Mirian Pimentel, a Southern Illinois University Carbondale agricultural sciences doctoral student, discovered a promising new tool to fight sudden death syndrome (SDS). Her work, guided by School of Agricultural Sciences professors Ahmad Fakhoury and Jason Bond, has shown a way to contend with SDS. (Photo by Yenitza Melgoza)
October 06, 2020
SIU soybean research finds new tool to fight sudden death syndrome
CARBONDALE, Ill. — Mirian Pimentel, a Southern Illinois University Carbondale agricultural sciences doctoral student, didn’t know much about soybeans when she first came to the region in August 2014 through the Brazilian Scientific Mobility program.
Raised on a small vegetable farm in Sumidouro, Rio de Janeiro, Pimentel first visited SIU as an undergraduate student and spent about 18 months in the region. At the time, Pimentel didn’t know much about soybeans.
Now, however, Pimentel has discovered a promising new tool to fight sudden death syndrome (SDS) in one of the state’s most critical crops. Her work, guided by School of Agricultural Sciences professors Ahmad Fakhoury and Jason Bond, has shown a way to contend with SDS. Pimentel’s findings were recently published in Plant Disease, a leading journal in plant pathology, and her article was selected as the editor’s pick for the month of August.
The findings were that several beneficial fungi that can act as biological control agents, or BCA, were able to reduce the growth of the pathogen that causes SDS.
High soil moisture and colder weather at the beginning of the growing season helps the SDS pathogen prosper, which creates a huge financial problem in the Midwest and north-central regions of the United States.
“What excites me most about this research is that applied side of it,” Pimentel said. “We generated knowledge that could be applied in soybean production to help manage SDS, which is a very difficult disease to control and causes so much economic losses for the farmers.”

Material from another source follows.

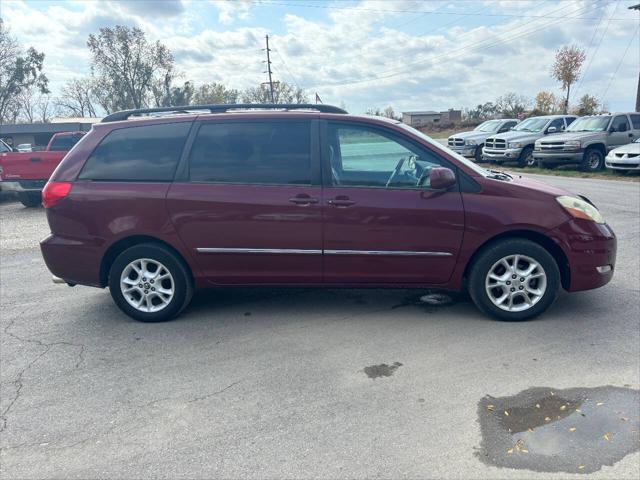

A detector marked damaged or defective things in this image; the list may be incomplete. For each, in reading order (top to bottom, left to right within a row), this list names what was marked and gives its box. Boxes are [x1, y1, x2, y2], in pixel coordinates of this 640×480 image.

cracked asphalt [0, 174, 636, 478]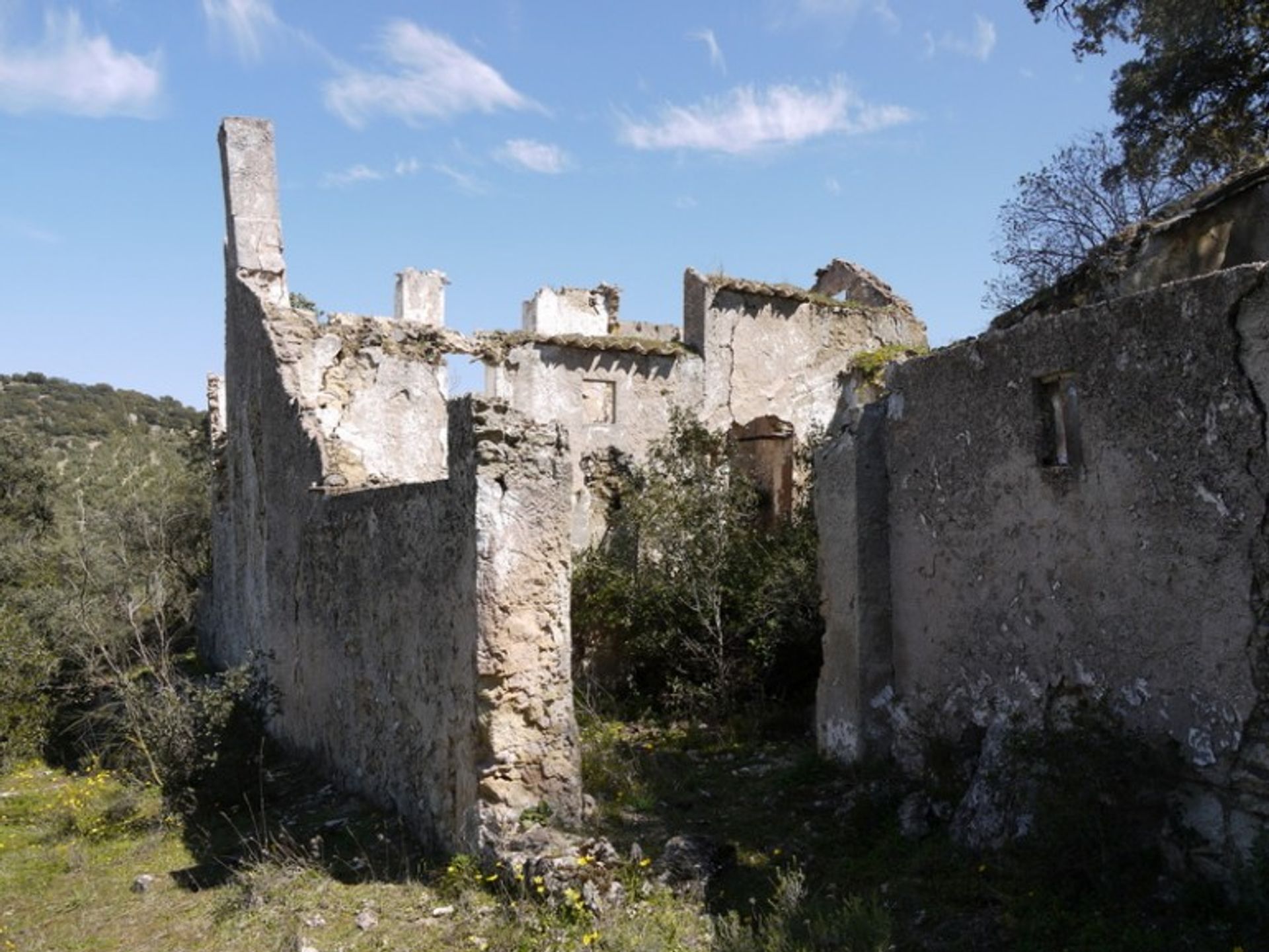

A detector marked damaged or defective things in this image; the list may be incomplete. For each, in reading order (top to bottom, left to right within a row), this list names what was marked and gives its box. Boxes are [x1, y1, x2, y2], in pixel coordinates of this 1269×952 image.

cracked wall [209, 115, 584, 851]
cracked wall [814, 264, 1269, 856]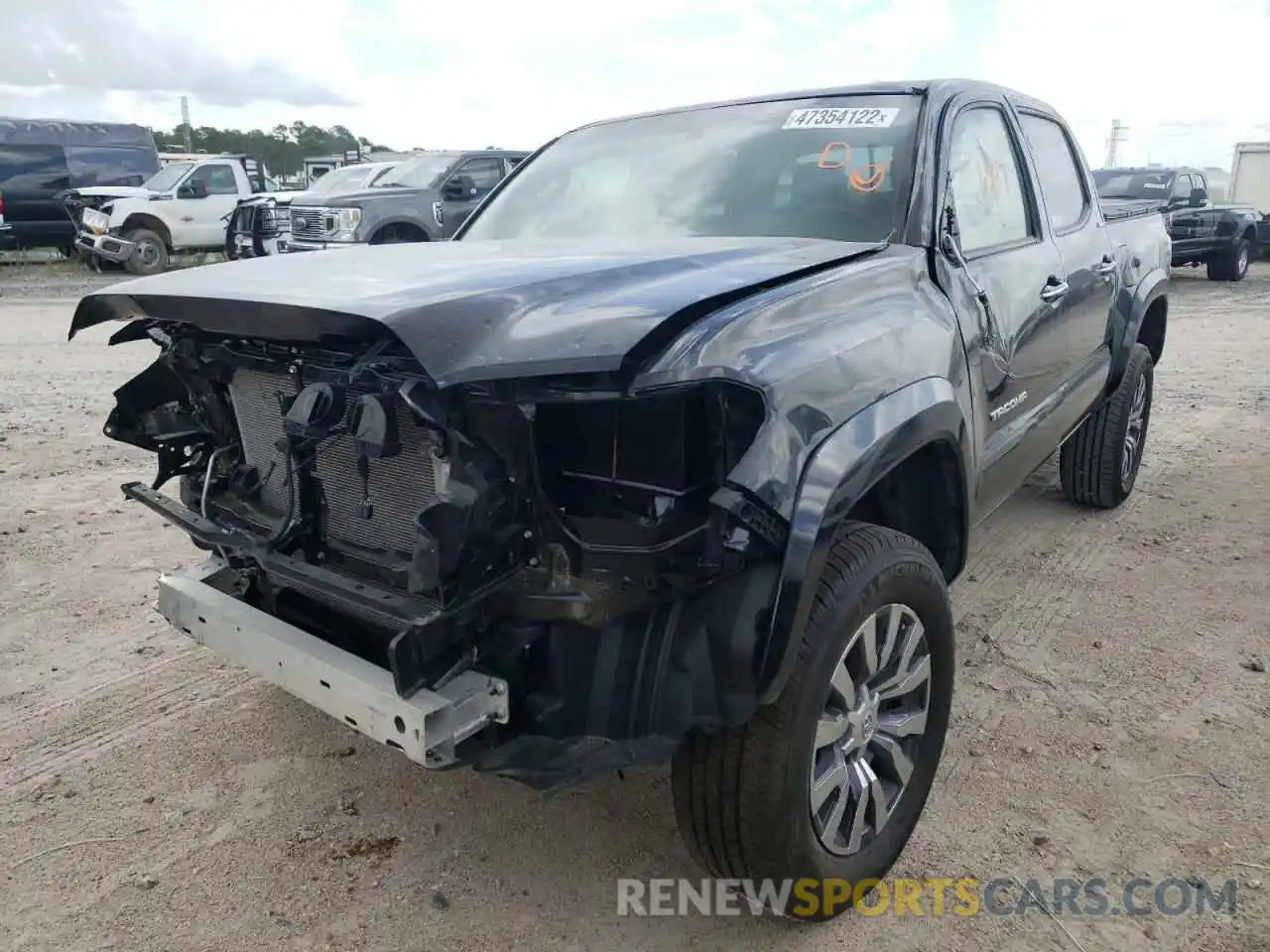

Pimentel said the research “opens doors for the ag industry to explore the promising biocontrol agents that we characterized and develop cost-effective products with optimized formulation that can be available for farmers to manage SDS.”
“The ag industry could also expand this research in terms of testing the developed products against other important diseases in soybean and other crops,” she said.
Pimentel’s pathway to immersing herself in the biological control of plant diseases came when she volunteered in Fakhoury’s lab, where she had the opportunity to participate in an ongoing project to study fungi associated with diseased soybean seedlings. This led to the discovery of fungi that could potentially protect soybean seedlings from diseases.
“I switched from studying insect pests to studying plant diseases,” Pimentel said.
Illinois is top soybean-producing state
The university is home to the Illinois Soybean Center. With Illinois the No. 1 soybean producing state in the nation, SIU Carbondale is geographically and environmentally in a unique position to address problems of soybean management that manifest at the state, regional and national levels.
With collaborators in Michigan and Iowa, Pimentel also examined the beneficial fungi activity against Pythium damping off, another devastating disease on soybean seedlings.
“There are a lot of livelihoods at stake here,” Fakhoury said. “We’re always looking for ways to ensure the profitability and sustainability of soybean production.”
Pimentel said that soybeans in her native Brazil have similar issues, only with slightly different pathogens causing the same disease.
“This is a really exciting moment to explore these interactions,” Fakhoury said. “There is a lot to be studied in these organisms at a molecular level.”
The Illinois Soybean Association, the North Central Soybean Research Program and the United Soybean Board provided research funding.